This think tank will be officially launched on May 6 in Abidjan, the economic capital of Cote d’Ivoire.
By Ibrahima Dione
The rate of debt of African states is often controversial.
It has a way of trascending the economic world.
A new Round-Table on African Debts (A new ROAD) was born to take part in the debate with an ambitious objective: “to impose a new look on the continent, its economies and their central role on the international scale.”
The 24 members of this think tank, who want to deconstruct preconceived ideas, have made “a commitment to conduct a collective and participatory reflection in line with the work currently being carried out on the sustainability of African debts and, more generally, the financing of these economies.”
In the future, ROAD hopes that “the prism of analysis of the issue of African public debt will evolve” because “Africa is not over-indebted.”
On the contrary, it is “under-financed and poorly financed.”

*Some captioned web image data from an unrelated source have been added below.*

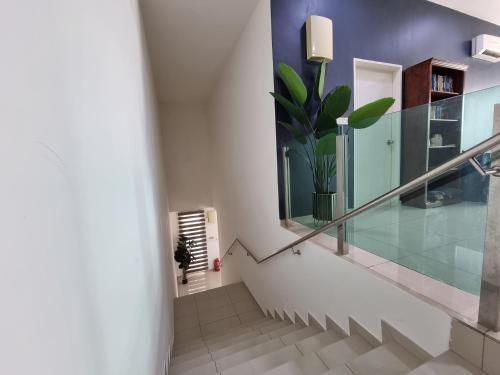 LabuAluha Homestay Sendayan with Swimming Pool的走廊上设有种植了盆栽植物的楼梯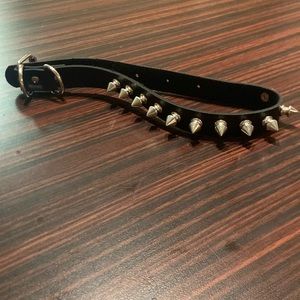 Spiked collar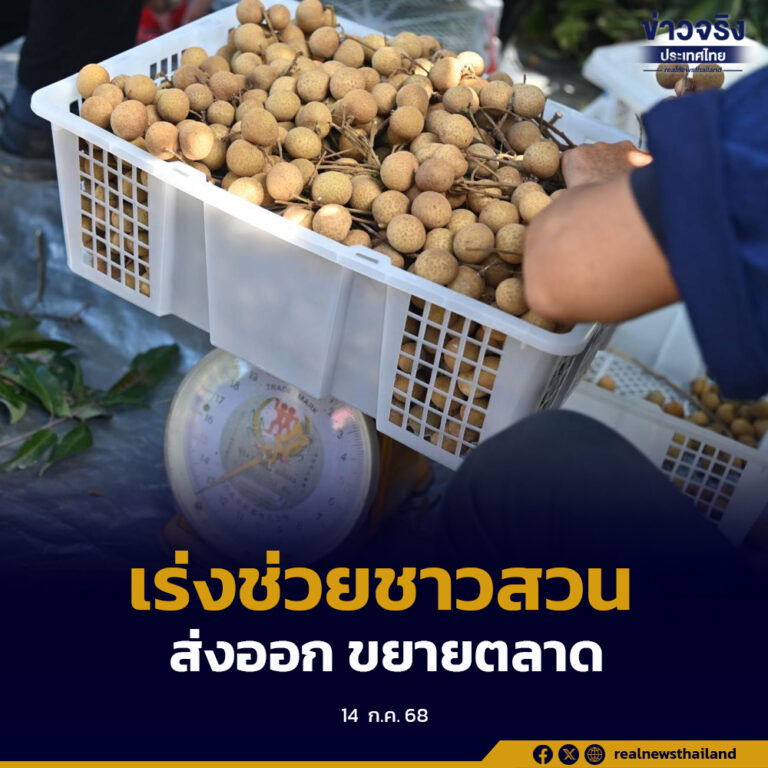 เร่งช่วยชาวสวนลำไย เพิ่มเป้าส่งออกและขยายตลาดอินเดีย ยูเออี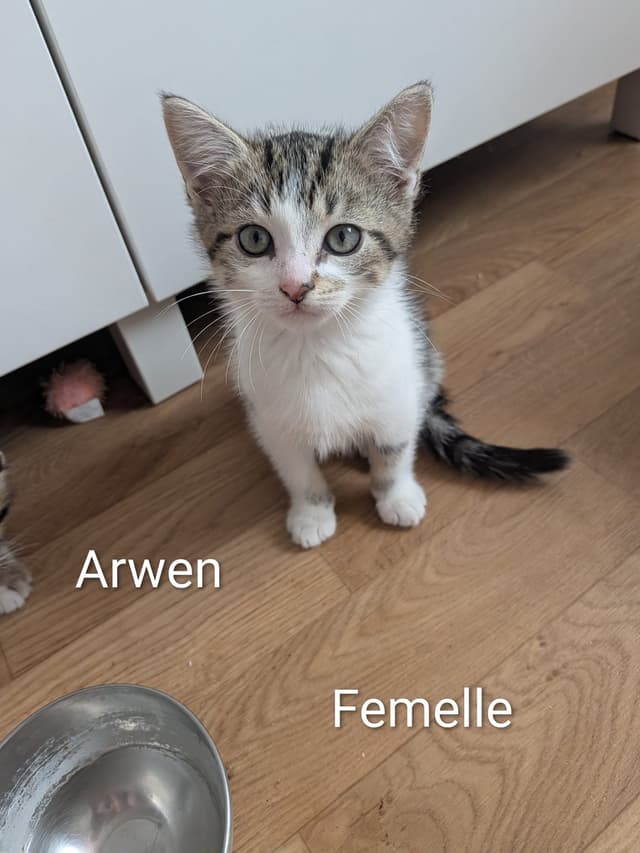 arwen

To reverse the trend, this think-tank intends to mobilise so that “the commercial conditions of financing applied to African states are consistent with those practised (with equivalent economic and risk profiles) in other regions of the world.”
ROAD brings together personalities such as Félix Edoh Kossi Amenounvé, Director General of the Regional Stock Exchange (BRVM), Najat Vallaud-Belkacem, former French Minister of National Education, Higher Education and Research, Omar Cissé, Chairman and CEO of InTouch, Kako Nubukpo, former Minister of Foresight and Public Policy Evaluation of Togo, Mario Pazzini, Director of the Development Centre of the Organisation for Economic Co-operation and Development (OECD) and Stanislas Zézé, Chairman and CEO of Bloomfield Investment Corporation.
Following the Abidjan roundtable, a summit on financing African economies is scheduled to take place on 18 May in Paris, France.